The district court suppressed Williams’ initial, un-Mirandized statement as outside the scope of the public safety exception, since it went to who owned the guns the agents found, and not where other guns might be located. It then, citing a recent circuit decision, Capers (see “Two Steps Forward,” posted December 11, 2010), held that it was also “constrained” to suppress the station-house confession. The district court held that, under Capers, the main question was wheher the initial failure to Mirandize was “legally justifiable.” Finding that it was not, it found the later Miranda waiver to be invalid.
The government, which does not seem to have challenged the suppression of the first statement, appealed the suppression of the second, and the circuit reversed. A Mirandized statement that follows an unwarned interrogation should only be suppressed where the police used “a deliberate, two-step strategy … to obtain the postwarning confession.” A district court should “review the totality of the objective and subjective evidence surrounding the interrogations” in order to make this call.

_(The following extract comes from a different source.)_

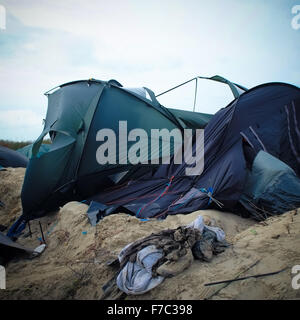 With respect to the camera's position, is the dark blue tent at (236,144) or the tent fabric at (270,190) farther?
the dark blue tent at (236,144)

Under this standard, the government established that there was no deliberate two-step interrogation. There was simply no evidence that the agent questioned Williams in the apartment “in a way calculated to undermine the Miranda warning later given at the station house.” In context, the question who owned the guns was most plausibly seen as an effort to learn who in the apartment was the person specified in the search warrant as the agents’ principal target. Moreover, the district court was incorrect in concluding that Capers required a shift in focus from whether the first interrogation was a deliberate effort to undermine Miranda to whether the decision to forego warnings initially was “legally justifiable.” Rather, Capers simply sets out the general test identified above: a review of the totality of the evidence surrounding the investigations.